- THE PROBLEM -
Transcribe only the lines in the data below falling between the line with "Lake Nona, Orlando, Orange" and the line with "Corinna of Tanagra, vintage", including those two lines, and leave out any picture.

- SOURCE DATA -
☆ ☆ ☆ ☆

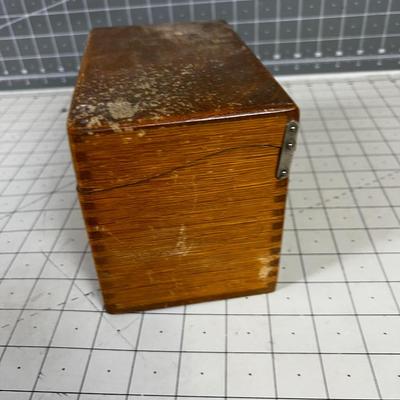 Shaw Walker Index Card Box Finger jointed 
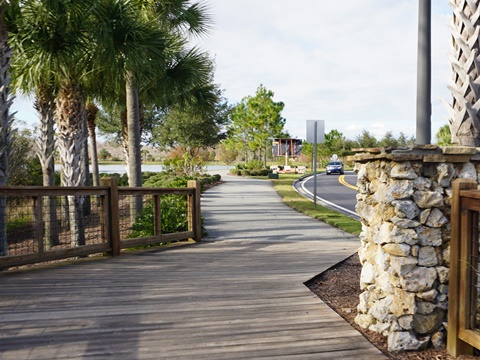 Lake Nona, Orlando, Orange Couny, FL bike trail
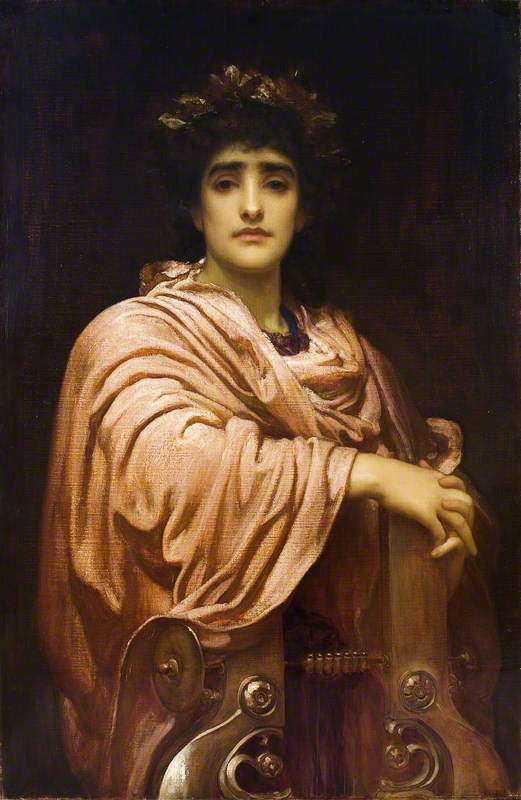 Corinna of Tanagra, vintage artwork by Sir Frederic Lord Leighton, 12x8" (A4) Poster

☆ ☆ ☆ ☆

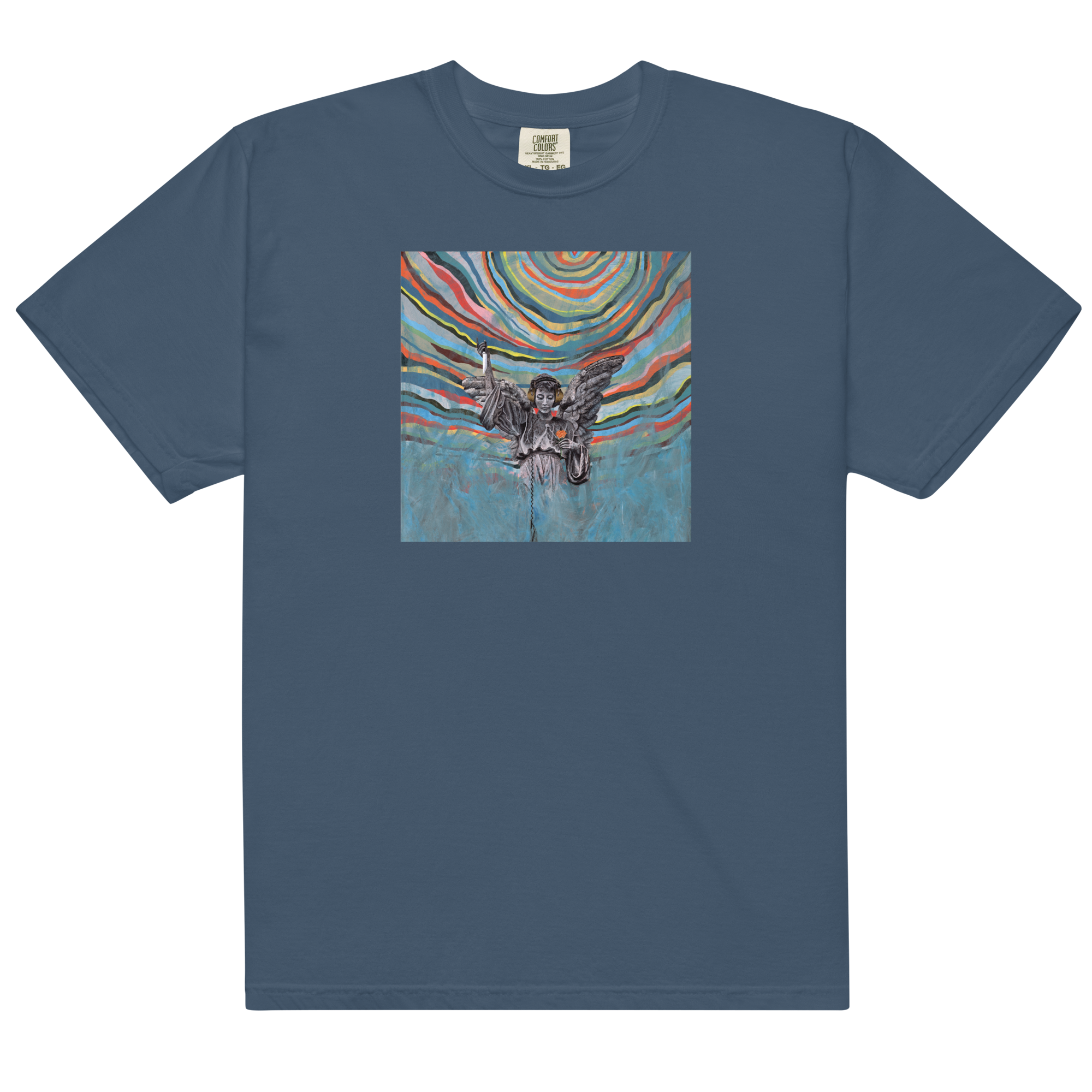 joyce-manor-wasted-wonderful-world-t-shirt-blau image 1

☆ ☆ ☆ ☆

- ANSWER BOX -
 Lake Nona, Orlando, Orange Couny, FL bike trail
 Corinna of Tanagra, vintage artwork by Sir Frederic Lord Leighton, 12x8" (A4) Poster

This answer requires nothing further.